Transcribe only the lines in the data below falling between the line with "Doktif Penuhi Panggilan" and the line with "Люди Прикарпаття: благодійний", including those two lines, and leave out any picture.

■ **Exercise materials**:
..........

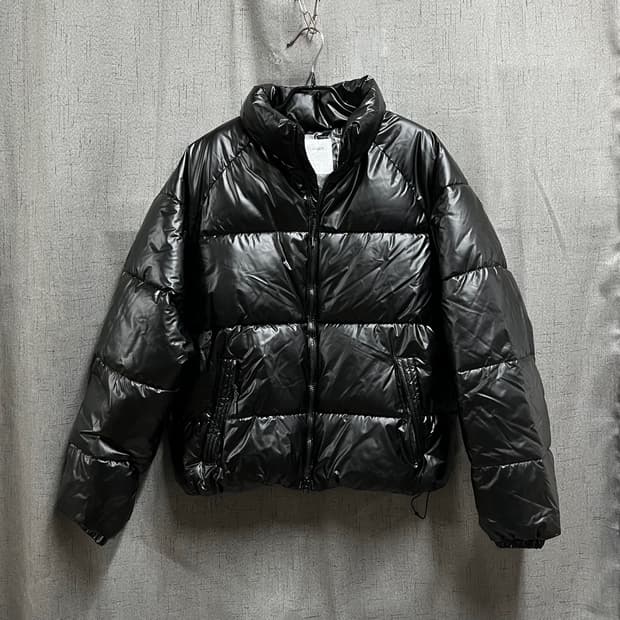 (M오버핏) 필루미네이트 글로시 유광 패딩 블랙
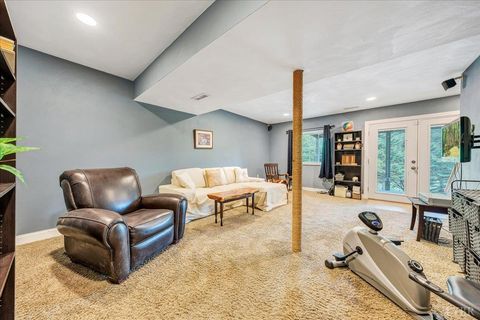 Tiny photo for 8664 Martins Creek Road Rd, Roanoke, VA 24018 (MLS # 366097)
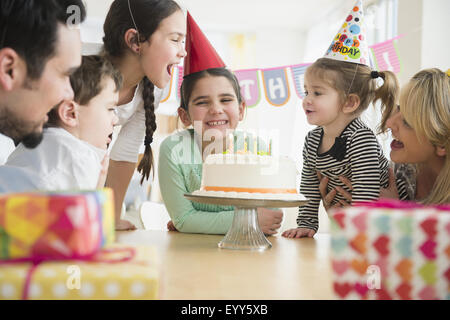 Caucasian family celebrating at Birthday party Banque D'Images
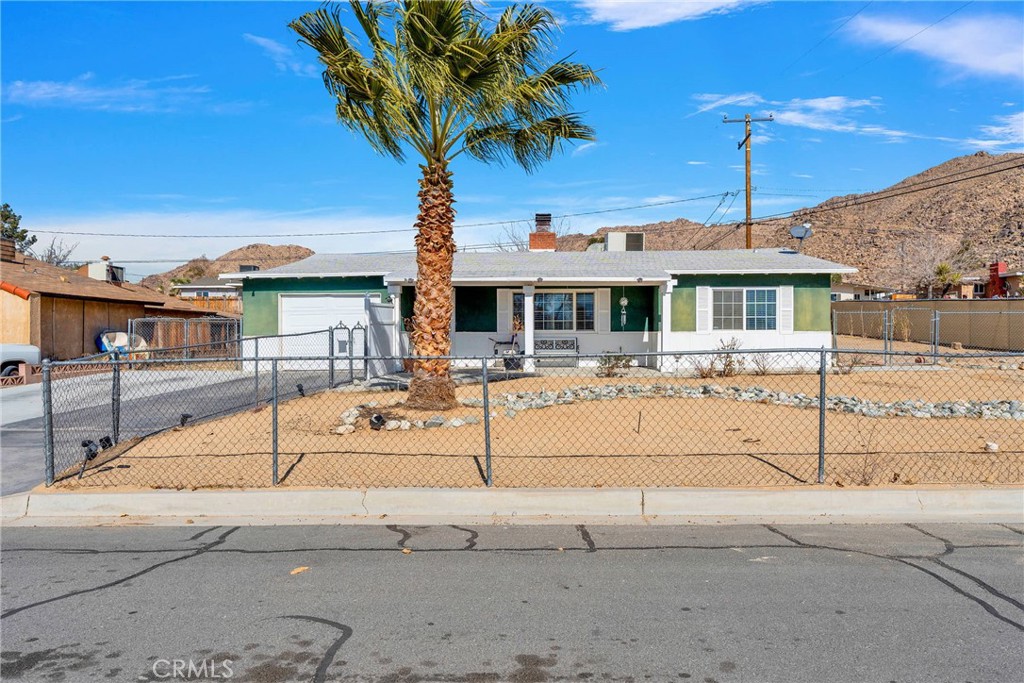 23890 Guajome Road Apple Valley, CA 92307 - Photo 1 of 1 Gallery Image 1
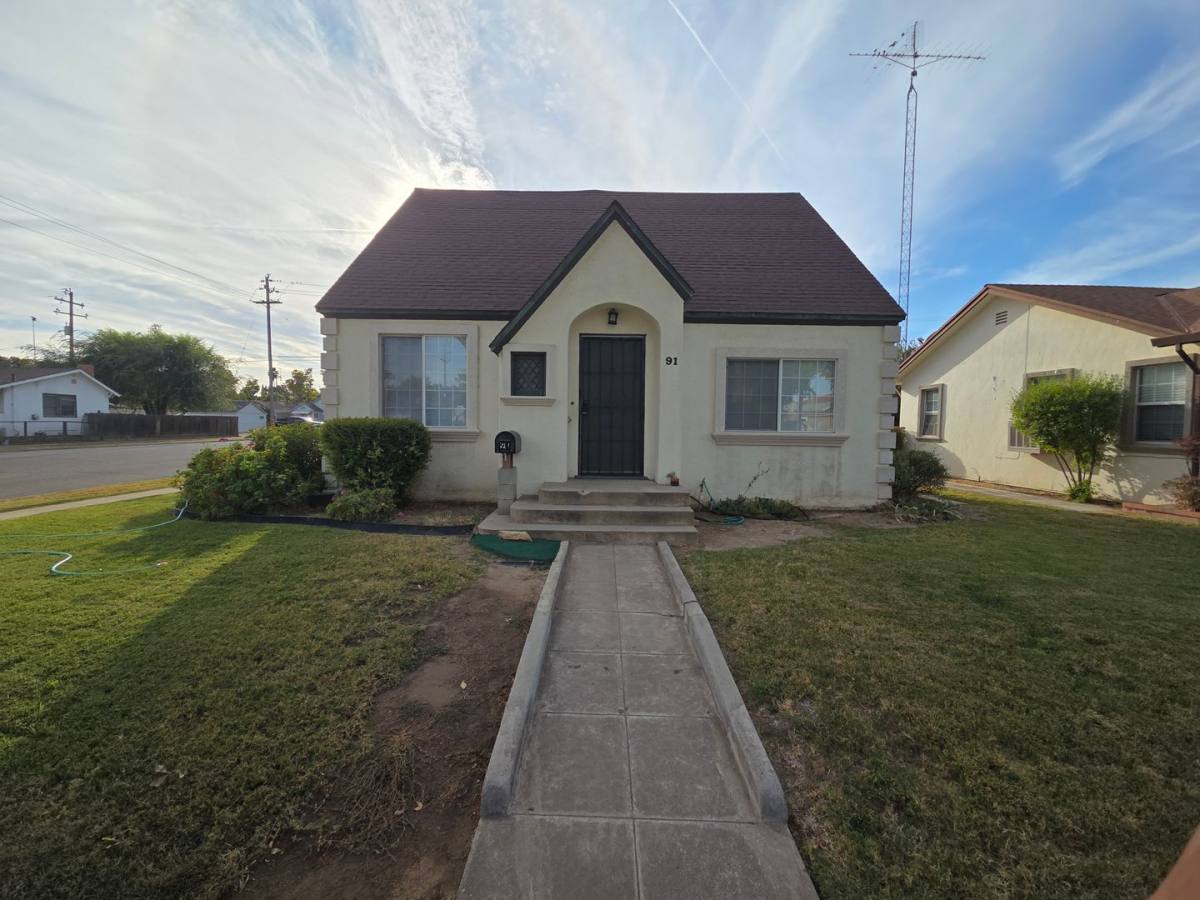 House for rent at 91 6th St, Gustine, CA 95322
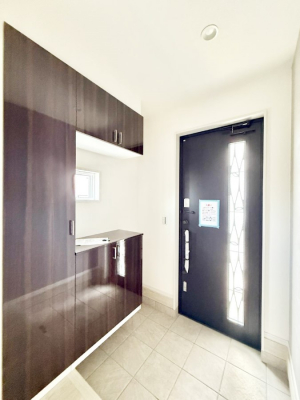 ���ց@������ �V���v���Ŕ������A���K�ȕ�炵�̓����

..........

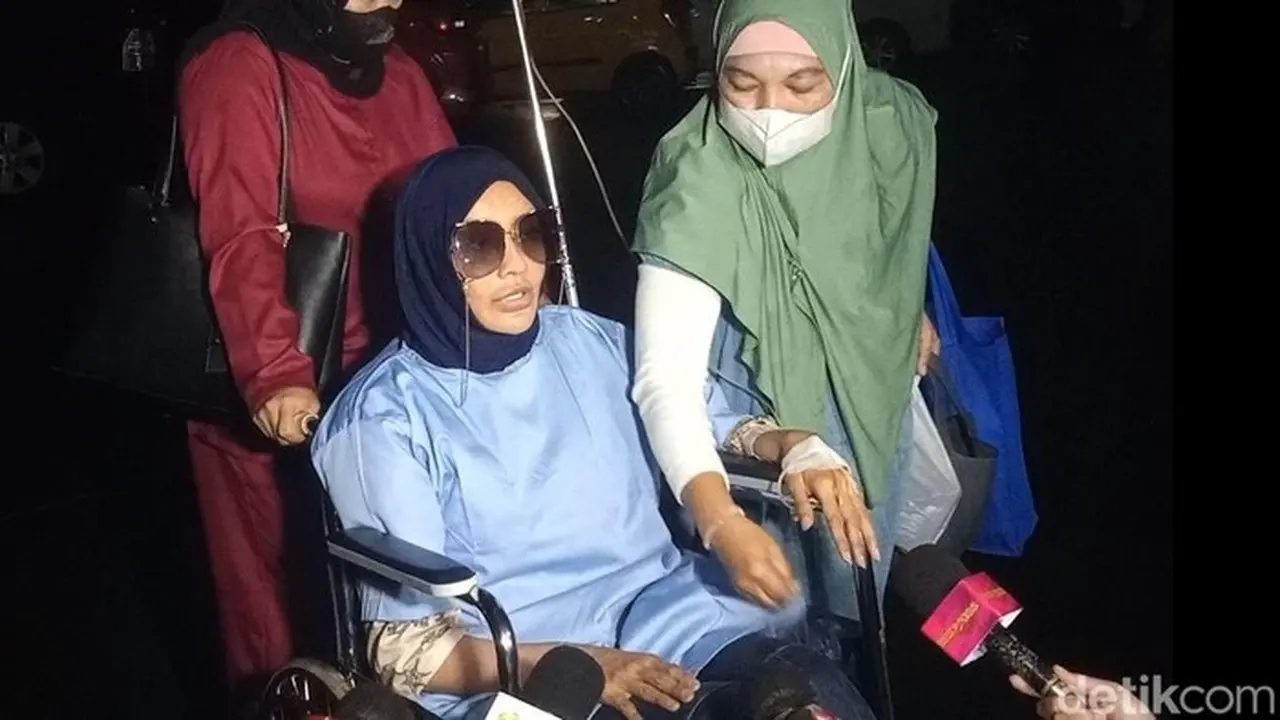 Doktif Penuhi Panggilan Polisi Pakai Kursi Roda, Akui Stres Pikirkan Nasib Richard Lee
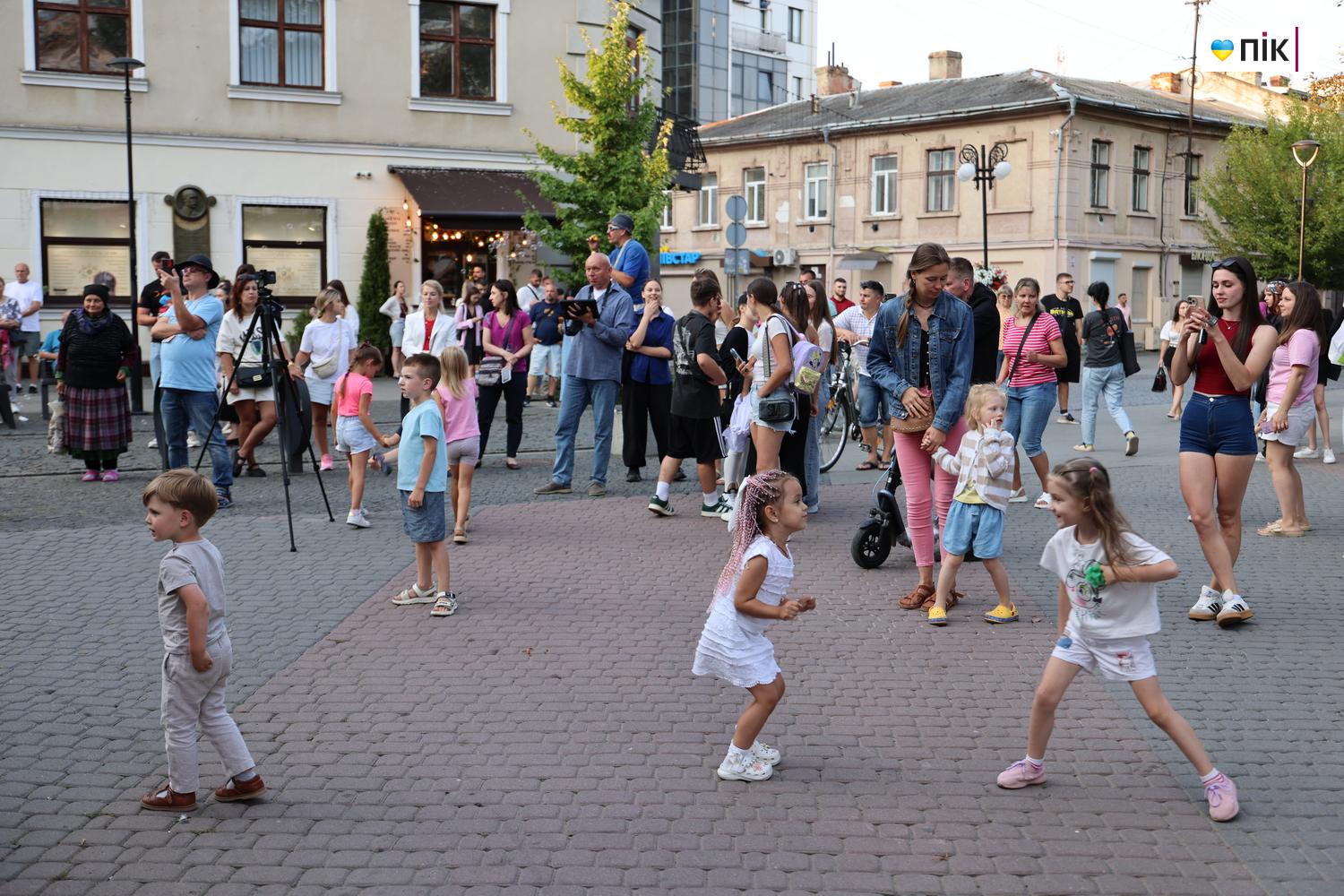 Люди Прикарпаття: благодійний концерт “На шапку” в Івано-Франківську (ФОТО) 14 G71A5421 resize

..........

■ **Answer to this exercise**:
 Doktif Penuhi Panggilan Polisi Pakai Kursi Roda, Akui Stres Pikirkan Nasib Richard Lee
 Люди Прикарпаття: благодійний концерт “На шапку” в Івано-Франківську (ФОТО) 14 G71A5421 resize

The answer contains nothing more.